* indicates required field
The NAACCR Data Standards and Data Dictionary is a reference to ensure uniform data collection and is intended for hospital and central cancer registries, cancer registry software vendors, public health researchers and data scientists/analysts.
Goal of the Data Dictionary
The goal is to define data collection standards for use by central cancer registries, hospital-based cancer registries, and other groups in North America to abstract cancer and other reportable diagnoses on or after January 1 of the implementation year.
Objectives of the standardization effort are to:
- Provide a comprehensive reference to ensure uniform data collection, and
- Facilitate the collection of comparable data among the standard setting agencies (CoC, CDC, NCI, the Canadian Council of Cancer Registries (CCCR), and NAACCR).
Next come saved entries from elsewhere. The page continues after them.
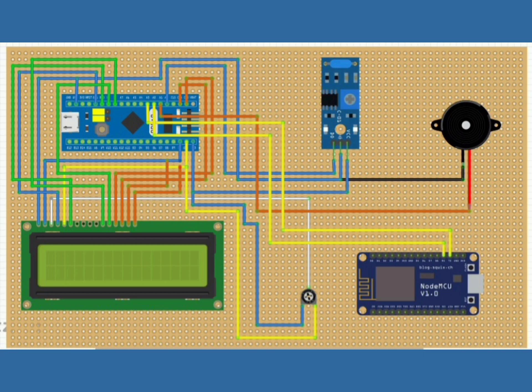Vibration sensor has 3 pins: VCC, GND and digital output. Connect VCC and GND to the VCC and GND of STM32 and digital output to the A0 of STM32.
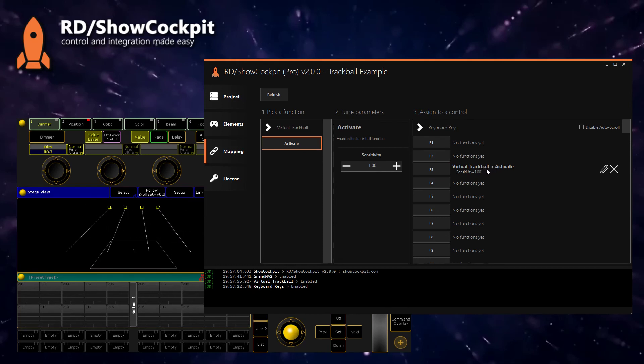Now I can just release F3 and move my mouse freely on the screen again. And that's it — this is how you can control pan and tilt using a trackball for MA2. Thank you for watching and see you in the next video.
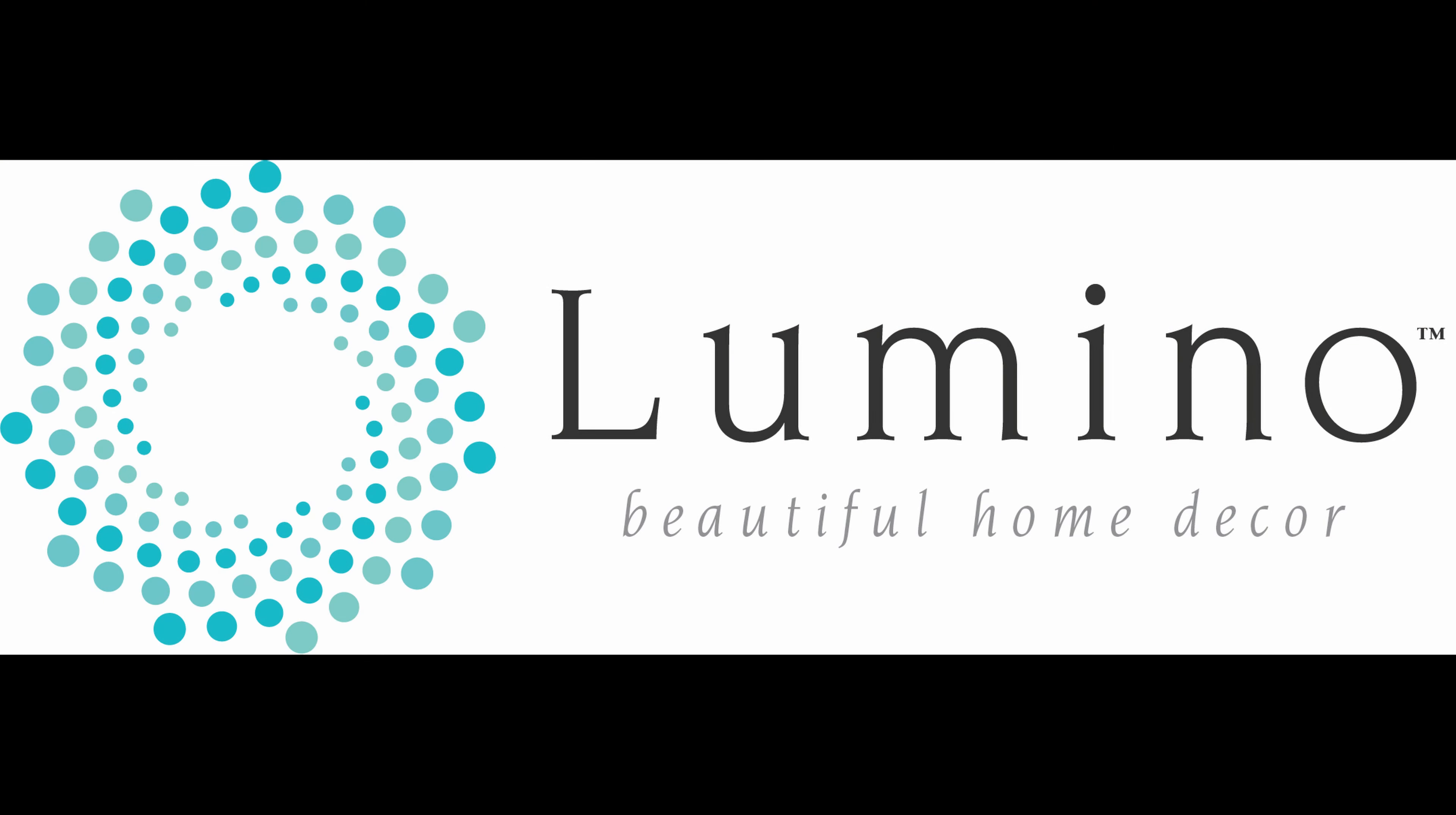Thank you for your interest in Lumino Blinds. We appreciate the opportunity to make your house a home.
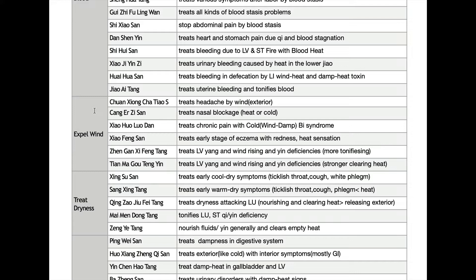But what is the difference? Releasing exterior, in the first chapter, we took care of formulas treating common cold, respiratory symptoms, and cold-like symptoms. But in this chapter, expelling wind formulas are more related to internal wind, like tremor, muscle spasm, skin disease, or hypertension. So there's a slight difference. The first formula, Chuan Xiong Cha Tiao San, treats headache. Cang Er Zi San treats nasal blockage, rhinitis, allergies. Xiao Huo Luo Dan treats pain. Xiao Feng San treats skin problems. And Zhen Gan Xi Feng San and Tian Ma Gou Teng Yin both treat liver yang rising, especially hypertension.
These data standards are used by new and existing facility-based and central cancer registries to ensure that their program's standard definitions and codes are consistent with those used by regional and national databases. Other potential users include registry software providers and those using registry data, especially if they are combining data from multiple sources or exchanging data.
Scope
The data dictionary is limited to standards regarding data, rather than procedures. More specifically, it focuses on data standards that NAACCR considers important to establish. These include:
-
Reportability
Reportability defines the rules for inclusion of specific types of tumors in the registry (see Standards for Tumor Inclusion and Reportability).
-
Data Items or Elements to Be Included
Some data items are required or recommended by particular standard setters while others are optional or are retained because they were abstracted in the past. The Required Status Table specifies the required status for each data item.
-
Standardized Item Numbers and Item Names
For ease and consistency of reference, all data items are assigned both numbers and names (e.g., the item “Sex” is assigned the item number 220). The item number is intended to be permanent and will not change. Assignment of permanent numbers is necessary because standard-setting organizations have changed item names over time or have applied similar names to items with different definitions. Item numbers allow the required precision of reference. When data items are deleted, the item numbers are retired and will never be reused for a different data item. Some numbers were intentionally skipped to allow the insertion of related items in the future.
Where possible, the NAACCR item name is the same as that used by the standard setter. However, the following constraints are placed on the names:
-
Length
Beginning with the Data Standards and Data Dictionary Version 18 the data item name length is limited to 50 characters. Previously the data item name length was limited to 25 characters because that had been the maximum length for item names in the EDITS software system. Standardized abbreviations, punctuation, and spacing have been used (e.g., the word “first” is entered “1st,” “treatment” is “RX,” and so on). Other limitations will be imposed as needed. Thus, item names will be identical in this data dictionary version and the NAACCR Metafile of standard edits.
-
Consistency
Consistency was a goal in formatting names and in using special characters. The character
--
is used to distinguish among item names built on the same stem name.Example: “Sequence Number--Hospital” and “Sequence Number--Central” are the names of two differently defined sequence number
-
Interrelated Items, Fields, and Subfields
To make the relationship among items more apparent, a constant term was consistently added to the stem of the name.
Example: Names of treatment fields related to radiation therapy begin with “Rad,” so that in a list of item names they will appear together:
Rad--No of Treatment Vol
Rad--Elapsed RX Days
-
-
Record Layout/Data Exchange
Starting with Version 21 the record layout / data exchange will be collected and maintained in an XML format, the former fixed-width positions of data items are no longer defined. For the latest information on the XML data exchange format, visit NAACCR XML Data Exchange Standard.
-
Codes and Coding Rules
Each data item has either the codes with definitions or a reference to the codes and coding instructions. The Source of Standard is the standard-setting agency that defines the codes, coding instructions and rules for a given tumor. For example, when the source of standard for a data item is SEER the Codes section will refer to the SEER Coding Manual for the standard guidelines of the codes and coding instructions.